#### [TASK DIRECTIONS]
Output, word for word, the lines of this listing that fall between the line with "Entlang der Mürz" and the line with "347 Pine Ridge", counting both of those lines, and no others.

#### [EXTRACTED DATA]

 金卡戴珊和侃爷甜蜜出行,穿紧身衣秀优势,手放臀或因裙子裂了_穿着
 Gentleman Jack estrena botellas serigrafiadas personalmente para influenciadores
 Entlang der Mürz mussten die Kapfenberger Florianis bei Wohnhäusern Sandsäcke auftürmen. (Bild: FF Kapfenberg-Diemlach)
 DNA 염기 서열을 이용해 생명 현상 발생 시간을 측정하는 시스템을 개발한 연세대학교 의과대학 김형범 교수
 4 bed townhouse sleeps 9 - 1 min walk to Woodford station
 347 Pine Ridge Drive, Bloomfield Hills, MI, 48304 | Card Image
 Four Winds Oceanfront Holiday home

==

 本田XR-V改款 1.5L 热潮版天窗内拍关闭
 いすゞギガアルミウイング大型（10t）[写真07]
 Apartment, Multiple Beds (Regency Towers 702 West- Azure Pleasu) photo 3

---

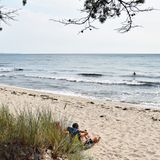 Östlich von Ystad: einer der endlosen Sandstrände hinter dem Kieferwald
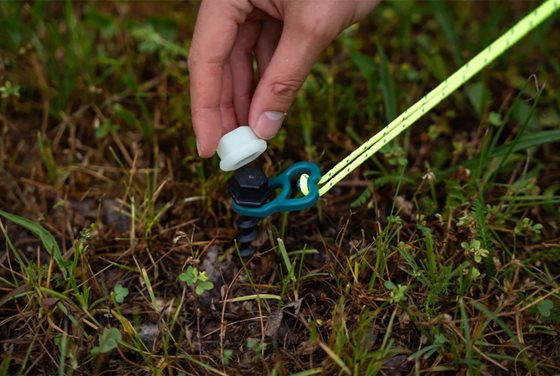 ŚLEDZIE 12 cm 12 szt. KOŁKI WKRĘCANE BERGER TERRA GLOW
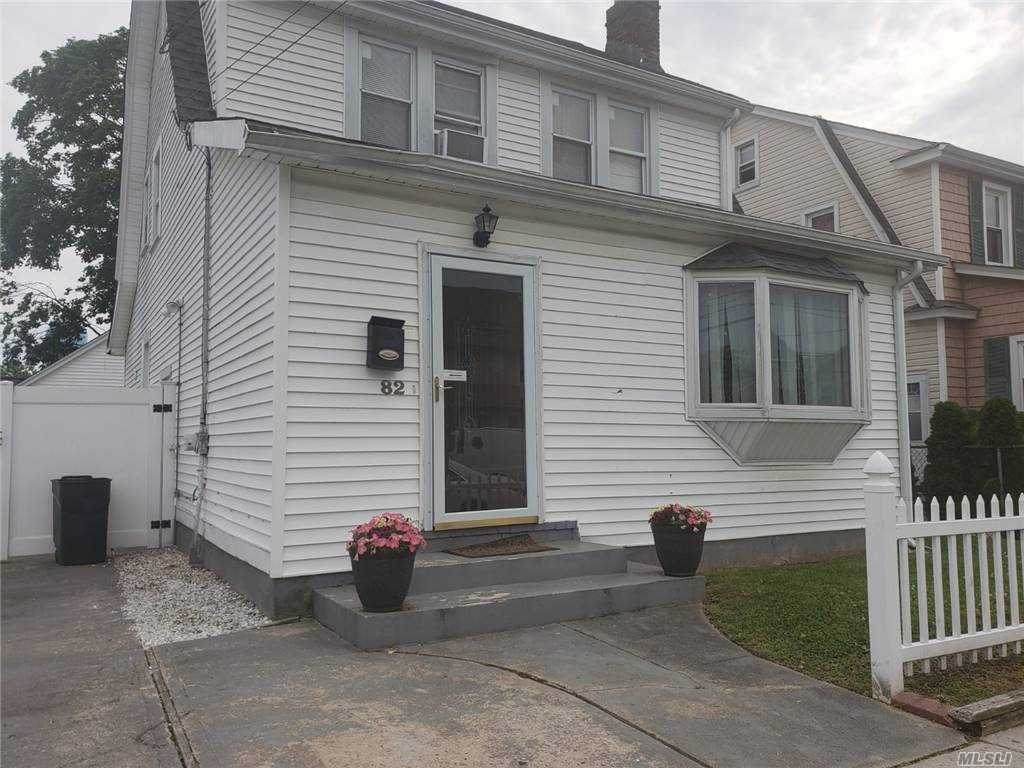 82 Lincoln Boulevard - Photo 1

#### [ANSWER BELOW]
 Entlang der Mürz mussten die Kapfenberger Florianis bei Wohnhäusern Sandsäcke auftürmen. (Bild: FF Kapfenberg-Diemlach)
 DNA 염기 서열을 이용해 생명 현상 발생 시간을 측정하는 시스템을 개발한 연세대학교 의과대학 김형범 교수
 4 bed townhouse sleeps 9 - 1 min walk to Woodford station
 347 Pine Ridge Drive, Bloomfield Hills, MI, 48304 | Card Image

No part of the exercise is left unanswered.